■ Task instructions
From the listing below, copy only the lines running from the line that contains "Building Photo - Charming" to the line that contains "issey miyake pleats", both included.

■ Provided entries

------------------------------------------------

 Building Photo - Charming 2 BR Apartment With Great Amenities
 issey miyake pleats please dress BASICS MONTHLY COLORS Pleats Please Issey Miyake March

------------------------------------------------

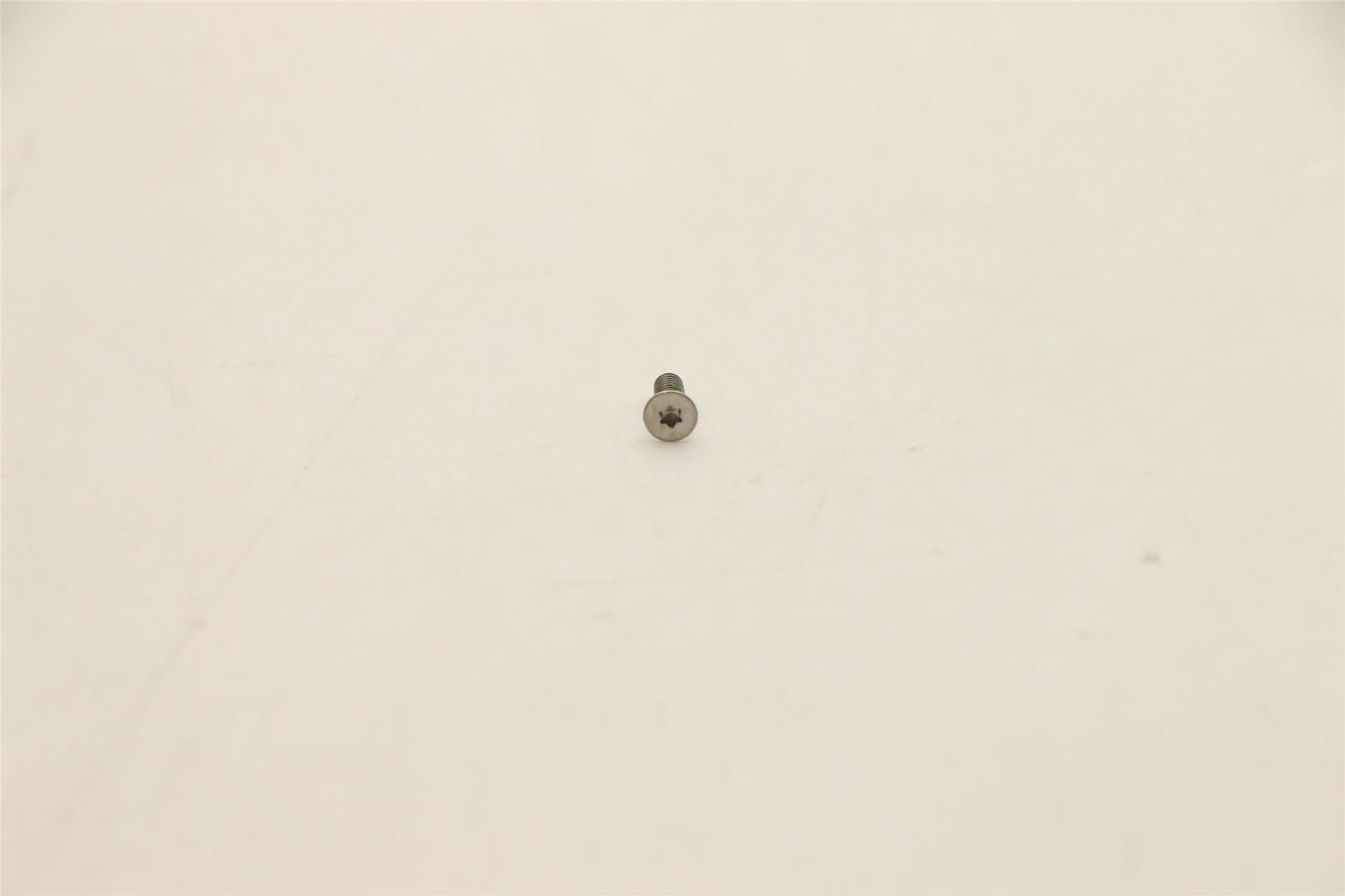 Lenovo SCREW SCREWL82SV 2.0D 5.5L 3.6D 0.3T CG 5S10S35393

------------------------------------------------

■ Task response
 Building Photo - Charming 2 BR Apartment With Great Amenities
 issey miyake pleats please dress BASICS MONTHLY COLORS Pleats Please Issey Miyake March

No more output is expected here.